Hmmm... that's too bad.

The other solution I can think of, which is a bit more work, is to create a preprocessing script that would convert the blocks to gif images, and then create the html to insert the images.


----------



## SusanCassidy (Nov 9, 2008)

If you convert to images, people can't change the font size.


----------



## Jonah (Dec 27, 2009)

So, should I assume we have a definitive answer that this is not possible without using page breaks, or might there be another forum where I could find an answer?

Thanks for your help, everyone.

Jonah


----------



## Betsy the Quilter (Oct 27, 2008)

Our authors are pretty good....several of them have written books on publishing for the Kindle.


Just sayin'....

Betsy


----------



## Michael R. Hicks (Oct 29, 2008)

Jonah - On Kindle, your layout is really controlled by the user through the font size. You only have a certain amount of screen real estate to work with, so trying to force no breaks simply won't work. The only option, already mentioned, to ensure that all the text you want to appear on a single page is by using an image...


----------



## Greg Banks (May 2, 2009)

Jonah said:


> Hmmm... that's too bad.
> 
> The other solution I can think of, which is a bit more work, is to create a preprocessing script that would convert the blocks to gif images, and then create the html to insert the images.


Jonah,

First, _if_ I were going to go the route of inserting an image, there are far simpler and frankly more likely ways that would work than the above. Inserting an image for the block quote is a viable option, but depending on the amount of text, the text will either be too small on the 6" Kindle, or when blown up on the Kindle DX, will look very pixelated.

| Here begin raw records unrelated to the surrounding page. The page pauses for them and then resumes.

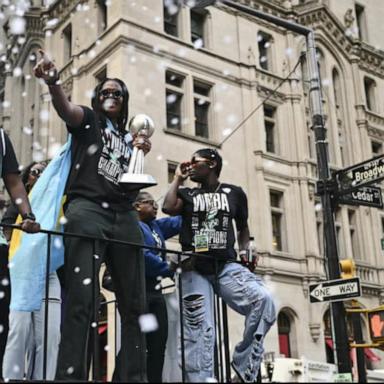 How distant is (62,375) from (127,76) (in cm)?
1541

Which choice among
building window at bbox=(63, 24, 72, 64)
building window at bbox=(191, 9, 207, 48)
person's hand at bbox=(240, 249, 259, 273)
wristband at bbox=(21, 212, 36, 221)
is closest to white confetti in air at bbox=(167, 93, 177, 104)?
building window at bbox=(191, 9, 207, 48)

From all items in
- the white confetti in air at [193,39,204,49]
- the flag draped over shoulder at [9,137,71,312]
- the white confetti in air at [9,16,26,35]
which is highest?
the white confetti in air at [9,16,26,35]

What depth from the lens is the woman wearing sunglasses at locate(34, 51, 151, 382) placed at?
336 cm

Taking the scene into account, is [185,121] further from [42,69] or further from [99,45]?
[42,69]

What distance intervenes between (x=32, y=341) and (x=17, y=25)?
72.8 feet

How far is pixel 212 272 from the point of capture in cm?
417

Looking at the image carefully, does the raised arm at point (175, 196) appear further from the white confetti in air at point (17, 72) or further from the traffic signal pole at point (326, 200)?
the white confetti in air at point (17, 72)

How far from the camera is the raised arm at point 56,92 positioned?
3207 mm

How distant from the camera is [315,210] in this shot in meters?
21.3

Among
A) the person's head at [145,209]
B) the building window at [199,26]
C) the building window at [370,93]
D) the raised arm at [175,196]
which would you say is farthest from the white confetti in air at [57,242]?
the building window at [370,93]

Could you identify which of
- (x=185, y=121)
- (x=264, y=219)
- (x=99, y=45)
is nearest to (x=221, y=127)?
(x=185, y=121)

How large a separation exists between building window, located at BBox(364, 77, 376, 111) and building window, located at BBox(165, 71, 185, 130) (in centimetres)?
914

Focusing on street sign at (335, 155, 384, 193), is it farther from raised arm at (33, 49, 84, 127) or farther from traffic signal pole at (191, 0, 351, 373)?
raised arm at (33, 49, 84, 127)

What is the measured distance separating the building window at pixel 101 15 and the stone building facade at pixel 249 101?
32mm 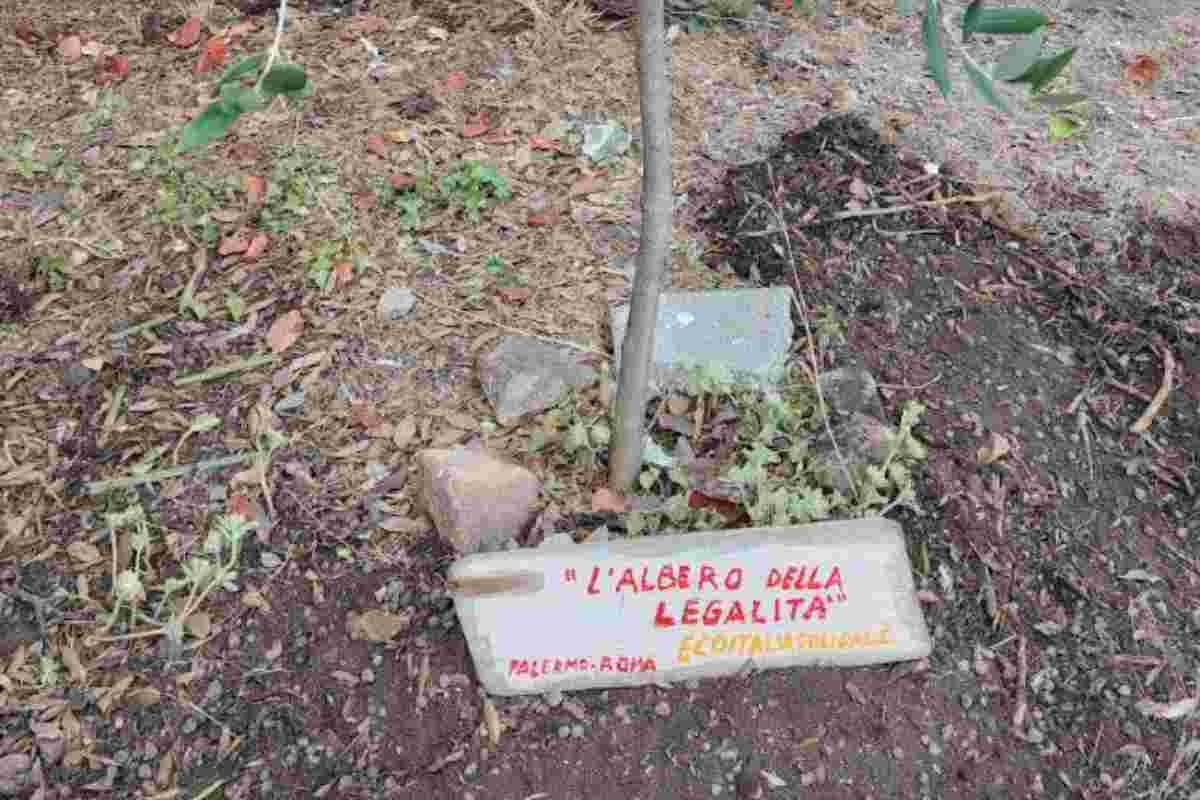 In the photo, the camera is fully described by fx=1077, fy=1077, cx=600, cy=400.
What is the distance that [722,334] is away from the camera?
208 centimetres

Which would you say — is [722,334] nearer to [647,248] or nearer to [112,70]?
[647,248]

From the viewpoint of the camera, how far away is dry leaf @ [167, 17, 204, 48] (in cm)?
294

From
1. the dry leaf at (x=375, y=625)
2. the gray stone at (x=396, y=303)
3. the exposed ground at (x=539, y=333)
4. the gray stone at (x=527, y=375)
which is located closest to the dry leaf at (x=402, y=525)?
the exposed ground at (x=539, y=333)

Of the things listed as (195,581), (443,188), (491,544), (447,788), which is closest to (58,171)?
(443,188)

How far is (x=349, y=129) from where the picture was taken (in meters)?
2.64

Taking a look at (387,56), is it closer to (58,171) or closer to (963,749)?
(58,171)

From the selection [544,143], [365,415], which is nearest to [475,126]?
[544,143]

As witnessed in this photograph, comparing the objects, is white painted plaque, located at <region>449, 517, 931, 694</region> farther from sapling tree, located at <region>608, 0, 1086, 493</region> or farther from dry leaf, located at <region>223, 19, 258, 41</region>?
dry leaf, located at <region>223, 19, 258, 41</region>

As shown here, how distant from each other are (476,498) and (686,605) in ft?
1.29

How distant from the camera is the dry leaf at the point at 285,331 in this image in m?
2.17

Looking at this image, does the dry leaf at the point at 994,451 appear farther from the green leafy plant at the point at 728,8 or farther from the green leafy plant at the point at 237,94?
the green leafy plant at the point at 728,8

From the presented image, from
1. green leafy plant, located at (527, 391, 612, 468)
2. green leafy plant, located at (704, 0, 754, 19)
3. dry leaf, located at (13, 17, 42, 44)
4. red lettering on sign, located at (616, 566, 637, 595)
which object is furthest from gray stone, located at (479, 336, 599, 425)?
dry leaf, located at (13, 17, 42, 44)

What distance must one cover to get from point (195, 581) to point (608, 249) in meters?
1.10

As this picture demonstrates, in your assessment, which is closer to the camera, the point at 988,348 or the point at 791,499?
the point at 791,499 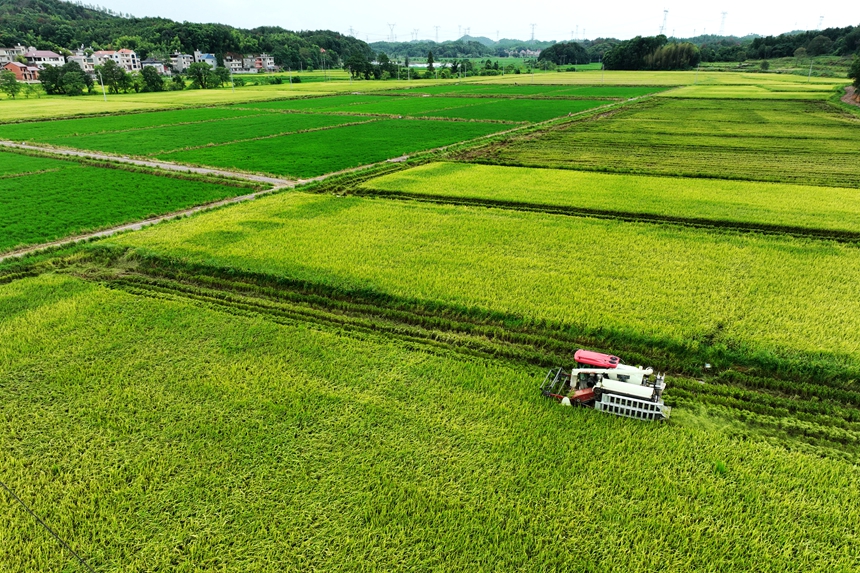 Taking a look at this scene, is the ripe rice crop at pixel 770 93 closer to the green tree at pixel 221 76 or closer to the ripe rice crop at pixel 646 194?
the ripe rice crop at pixel 646 194

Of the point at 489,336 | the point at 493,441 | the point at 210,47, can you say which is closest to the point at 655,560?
the point at 493,441

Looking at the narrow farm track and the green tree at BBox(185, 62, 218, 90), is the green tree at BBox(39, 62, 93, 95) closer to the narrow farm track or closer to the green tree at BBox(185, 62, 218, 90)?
the green tree at BBox(185, 62, 218, 90)

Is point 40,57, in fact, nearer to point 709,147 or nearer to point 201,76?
point 201,76

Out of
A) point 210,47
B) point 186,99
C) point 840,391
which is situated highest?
point 210,47

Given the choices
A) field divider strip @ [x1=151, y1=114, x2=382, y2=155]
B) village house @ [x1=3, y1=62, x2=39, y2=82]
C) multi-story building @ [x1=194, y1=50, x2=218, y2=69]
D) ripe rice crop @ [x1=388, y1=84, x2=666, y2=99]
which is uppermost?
multi-story building @ [x1=194, y1=50, x2=218, y2=69]

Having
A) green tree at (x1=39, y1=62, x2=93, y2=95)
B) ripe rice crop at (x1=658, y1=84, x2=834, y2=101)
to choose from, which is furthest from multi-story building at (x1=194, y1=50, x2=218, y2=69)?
ripe rice crop at (x1=658, y1=84, x2=834, y2=101)

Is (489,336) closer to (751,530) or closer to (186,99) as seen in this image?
(751,530) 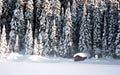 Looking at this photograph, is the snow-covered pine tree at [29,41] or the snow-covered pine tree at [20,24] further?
the snow-covered pine tree at [20,24]

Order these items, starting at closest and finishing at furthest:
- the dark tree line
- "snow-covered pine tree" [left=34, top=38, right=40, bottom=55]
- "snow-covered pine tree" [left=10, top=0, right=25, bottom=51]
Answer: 1. the dark tree line
2. "snow-covered pine tree" [left=34, top=38, right=40, bottom=55]
3. "snow-covered pine tree" [left=10, top=0, right=25, bottom=51]

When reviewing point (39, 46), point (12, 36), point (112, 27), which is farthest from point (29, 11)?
point (112, 27)

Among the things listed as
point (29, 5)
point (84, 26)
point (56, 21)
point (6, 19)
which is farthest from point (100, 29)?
point (6, 19)

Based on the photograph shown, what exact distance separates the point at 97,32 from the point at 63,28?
9155 millimetres

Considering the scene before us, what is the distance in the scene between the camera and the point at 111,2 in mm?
76188

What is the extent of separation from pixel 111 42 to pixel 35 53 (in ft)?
60.2

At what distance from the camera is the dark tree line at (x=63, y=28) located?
238 feet

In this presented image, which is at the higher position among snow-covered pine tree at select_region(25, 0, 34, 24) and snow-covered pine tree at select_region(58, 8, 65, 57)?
snow-covered pine tree at select_region(25, 0, 34, 24)

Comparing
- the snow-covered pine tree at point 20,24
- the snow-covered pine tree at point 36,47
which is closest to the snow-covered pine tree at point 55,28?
the snow-covered pine tree at point 36,47

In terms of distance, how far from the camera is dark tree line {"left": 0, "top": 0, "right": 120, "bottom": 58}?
72512 millimetres

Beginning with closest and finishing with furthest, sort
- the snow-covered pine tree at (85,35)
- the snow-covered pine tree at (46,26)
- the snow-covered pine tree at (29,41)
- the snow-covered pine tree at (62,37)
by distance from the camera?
the snow-covered pine tree at (85,35), the snow-covered pine tree at (62,37), the snow-covered pine tree at (46,26), the snow-covered pine tree at (29,41)

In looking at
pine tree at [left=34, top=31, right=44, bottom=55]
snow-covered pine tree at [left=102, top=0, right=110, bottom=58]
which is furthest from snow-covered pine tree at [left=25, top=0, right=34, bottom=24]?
snow-covered pine tree at [left=102, top=0, right=110, bottom=58]

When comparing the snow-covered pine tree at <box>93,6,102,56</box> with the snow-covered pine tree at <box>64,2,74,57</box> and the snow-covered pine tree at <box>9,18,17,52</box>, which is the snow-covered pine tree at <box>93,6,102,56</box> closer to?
the snow-covered pine tree at <box>64,2,74,57</box>

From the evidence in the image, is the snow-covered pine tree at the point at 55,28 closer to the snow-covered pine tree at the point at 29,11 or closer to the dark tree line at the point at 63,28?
the dark tree line at the point at 63,28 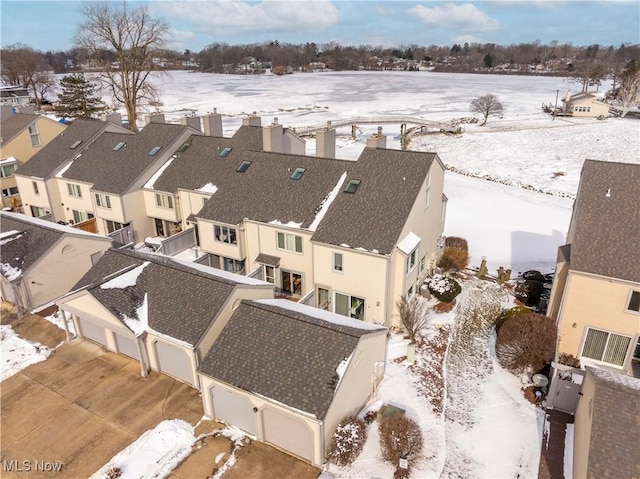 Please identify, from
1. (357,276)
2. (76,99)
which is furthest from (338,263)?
(76,99)

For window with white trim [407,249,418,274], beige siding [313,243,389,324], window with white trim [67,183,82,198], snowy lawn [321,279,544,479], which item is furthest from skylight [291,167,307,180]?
window with white trim [67,183,82,198]

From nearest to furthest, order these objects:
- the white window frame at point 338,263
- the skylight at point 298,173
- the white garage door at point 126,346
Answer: the white garage door at point 126,346, the white window frame at point 338,263, the skylight at point 298,173

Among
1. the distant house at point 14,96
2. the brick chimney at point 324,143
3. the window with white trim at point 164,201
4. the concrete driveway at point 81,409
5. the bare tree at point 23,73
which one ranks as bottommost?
the concrete driveway at point 81,409

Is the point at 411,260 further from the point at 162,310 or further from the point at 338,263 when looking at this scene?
the point at 162,310

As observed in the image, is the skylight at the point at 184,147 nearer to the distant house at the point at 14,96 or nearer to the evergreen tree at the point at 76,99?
the evergreen tree at the point at 76,99

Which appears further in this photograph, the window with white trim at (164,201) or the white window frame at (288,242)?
the window with white trim at (164,201)

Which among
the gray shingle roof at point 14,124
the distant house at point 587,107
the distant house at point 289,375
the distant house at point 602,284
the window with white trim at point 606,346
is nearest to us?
the distant house at point 289,375

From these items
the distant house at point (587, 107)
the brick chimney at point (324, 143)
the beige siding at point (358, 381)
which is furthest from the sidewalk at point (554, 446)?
the distant house at point (587, 107)

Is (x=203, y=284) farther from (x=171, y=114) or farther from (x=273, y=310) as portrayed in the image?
(x=171, y=114) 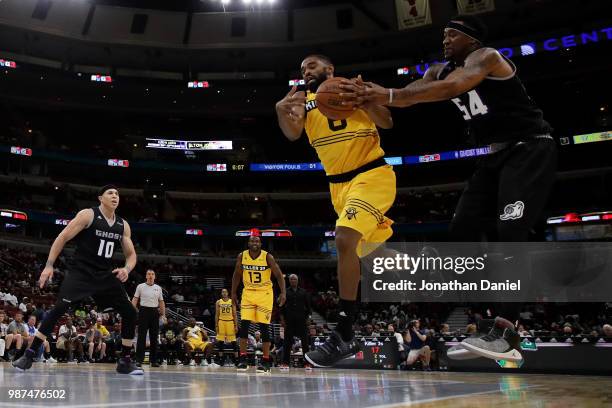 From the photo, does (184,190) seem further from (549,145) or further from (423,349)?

Besides, anything you did to force the kind of behavior you want would be counterproductive to the Kindle experience that draws people to devices like the Kindle in the first place. Your first priority should always be the convenience of the consumer, because if they have an unpleasant experience with one of your books, they won't buy another. Many people buy the Kindle specifically because of how much control they have over the appearance of the "page" as it were, and doing anything that adversely affects that is a bad idea.

Do you really think having the quote together on one page is all that important to the average Kindle reader? That's the question you have to ask yourself. I can understand if you prefer it yourself, but the question is whether the average reader will, because they are the ones spending the money. And my assumption is that the majority, if not all, will not, and I think the Kindle owners here will agree with me.


----------



## Jonah (Dec 27, 2009)

Thanks for your thoughts, greg.

Two things. One, this book is really just for me. What I am actually trying to do is get the following article on connect4 strategy onto my kindle:

http://homepages.cwi.nl/~tromp/c4.html

The "block quotes" I referred to above are actually the connect 4 game pictures you see in that article, and when you see them it will be obvious why they need to be on one page. Sorry I didn't mention that before, but I was just trying to explain what I needed to do as simply as possible.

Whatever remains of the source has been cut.